Developing a Machine-Learning Interatomic Potential for Non-Covalent Interactions in Proteins
Lejia Zeng (1, 2), Xintong Zhang (1, 2), Yuchan Pei (1, 2), Lifeng Zhao (2), Lan Hua (2), Jincai Yang (2), Niu Huang (1, 2) ((1) Tsinghua Institute of Multidisciplinary Biomedical Research, Tsinghua University, Beijing, China, (2) National Institute of Biological Sciences

TL;DR
This paper introduces PANIP, a machine learning interatomic potential trained on protein non-covalent interactions, achieving quantum accuracy and outperforming existing models in predicting diverse molecular interactions.
Contribution
The paper presents PANIP, a novel ensemble MLIP trained with active learning on protein fragment interactions, offering high accuracy and transferability for modeling non-covalent interactions in proteins.
Findings
PANIP achieves <0.2 kcal/mol MAE on out-of-distribution systems.
PANIP outperforms ANI-2x, especially for charged dimers.
Enables QM-level protein-ligand binding energy estimation at near force-field costs.
Abstract
Machine learning interatomic potentials (MLIPs) enable efficient modeling of molecular interactions with quantum mechanical (QM) accuracy.
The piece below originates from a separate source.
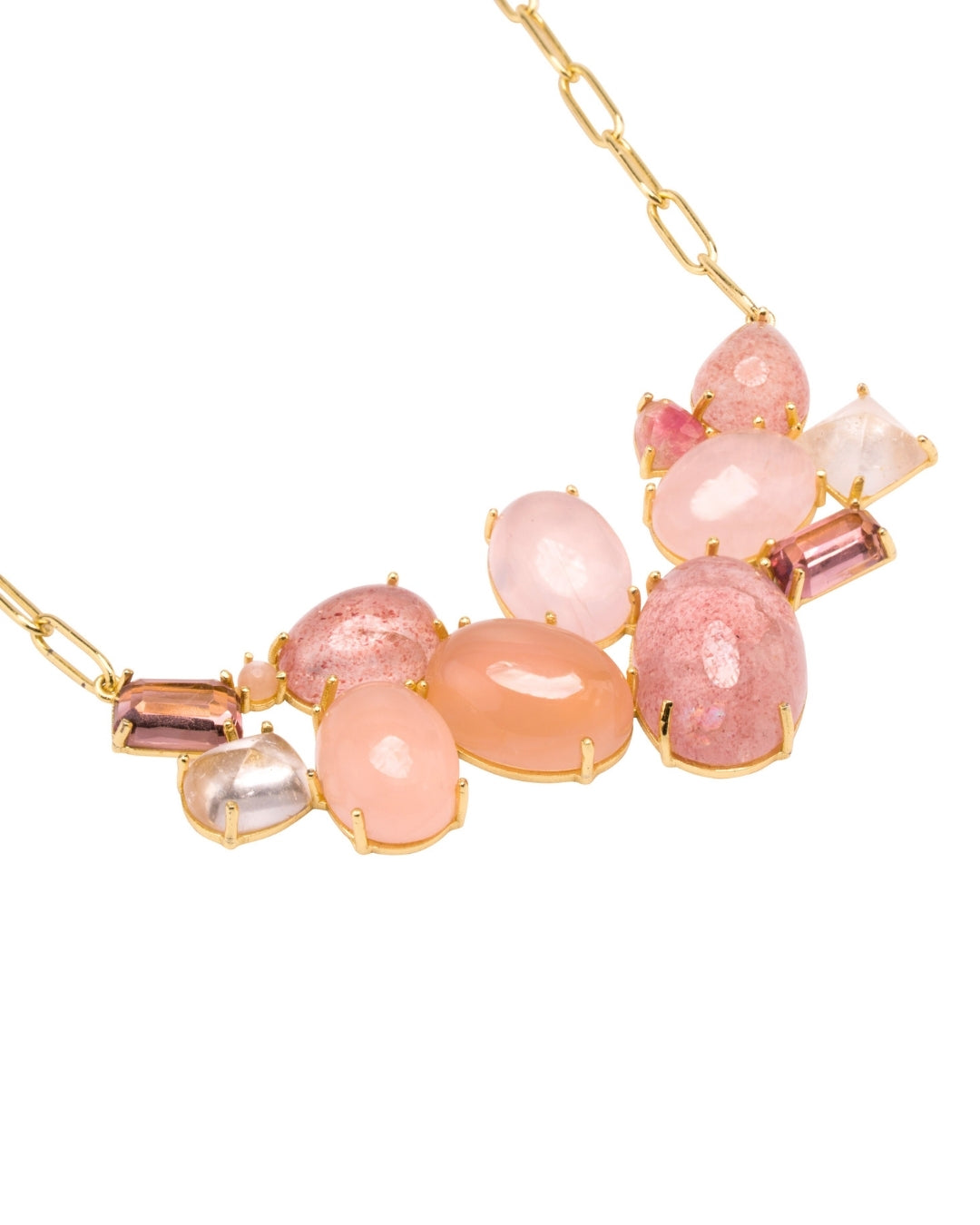 Pink Gemstone Cluster Necklace - Antonia Y. Jewelry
However, constructing robust and representative training datasets that capture subtle, system-specific interaction motifs remains challenging. We introduce PANIP (PAirwise Non-covalent Interaction Potential), an ensemble MLIP model built upon the NequIP framework and trained on non-covalent interactions (NCIs) between protein-derived fragments. PANIP is trained using an automated multi-fidelity active learning (MFAL) workflow, in which a representative training subset, termed PDB-FRAGID (PDB Fragment Interaction Dataset), was distilled from an otherwise prohibitively large pool of fragment dimers extracted from the Protein Data Bank (PDB). PANIP retains B97X-D3BJ/def2-TZVPP-level accuracy and achieves mean absolute errors below 0.2 kcal/mol…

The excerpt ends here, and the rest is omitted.